L’Etat ou un de ses établissements publics administratifs ou Grand Paris Aménagement peut créer avec au moins une collectivité locale ou un groupement de collectivités, une SPLA-IN. Son régime est défini par des dispositions communes aux SPLA et des dispositions propres dans le Code de l’urbanisme (CU). Cette société pourra organiser, réaliser ou contrôler des opérations d’aménagement relevant de la compétence de ses actionnaires. Il peut s’agir notamment de mener des opérations de requalification de copropriétés dégradées, des études préalables, des acquisitions et cessions d’immeubles pour constituer des réserves foncières, des opérations de construction ou de réhabilitation immobilière ou encore réaliser certains projets d’infrastructure prévus aux contrats de projets d’intérêt majeur (PIM) (art. L 350-1 du CU). Elle peut exercer, par délégation de ses actionnaires, les droits de préemption et de priorité et agir par voie d’expropriation. Les modalités de direction de la SPLA-IN ont été le point de friction entre le Sénat et l’Assemblée nationale.

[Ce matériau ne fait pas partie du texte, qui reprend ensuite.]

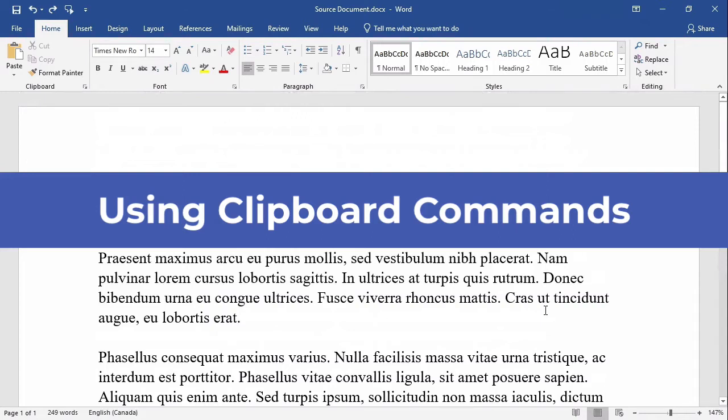The clipboard is a temporary holding place for data that you wish to move or copy within your computer's operating system, between applications, or within a single application. You can use these commands to manipulate files, text, and images.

Un texte rejeté par le Sénat

Hervé Marseille (UDI-UC), sénateur des Hauts-de-Seine et maire de Meudon, explique le rejet total du texte par sa chambre. « Le Sénat, composé de nombreux élus, est l’expression des territoires et de toutes les tendances politiques. Par voie d’amendements, nous demandions notamment que la présidence de la SPLA-IN soit assurée par le représentant d’une des collectivités actionnaires et la nomination de son directeur par le conseil d’administration de la SPLA-IN afin d’avoir une maîtrise locale de l’aménagement. Au cours du processus législatif, nous n’avons été ni écoutés, ni suivis. Nous avons donc jugé inutile de discuter et d’adopter le texte. » Pour le député Arnaud Richard (Yvelines - UDI), s’exprimant lors de l’adoption définitive, ce texte, « arrivé au dernier moment sans étude d’impact, est un petit véhicule utilisé pour Paris mais contenant des enjeux très importants relatifs à la métropole ou à l’équipement du territoire ».

Un outil jugé dispensable

Egalement vice-président de la Fédération des entreprises publiques locales (FedEPL), Hervé Marseille voit dans la SPLA-IN une tentative de recentralisation par l’Etat de la compétence des élus en matière d’aménagement. « Cet outil qu’on n’a pas demandé n’est pas indispensable et se rajoute au paquet d’instruments existants à la disposition de l’Etat et des collectivités ». Il existe, en effet, déjà les sociétés publiques locales (SPL), les sociétés d’économie mixte (SEM), les SEM à opération unique (Semop), etc.

Comme l’Association des communautés de France (ADCF) qui appelle à une pause institutionnelle, le sénateur réaffirme la recherche de stabilité par les élus. « Les textes n’arrêtent pas de se succéder à une vitesse effrénée et sans discussion. Les lois Notre, Maptam, Egalité et Citoyenneté et désormais celle sur l’aménagement métropolitain sont précipitées, insuffisantes, redondantes et superfétatoires ».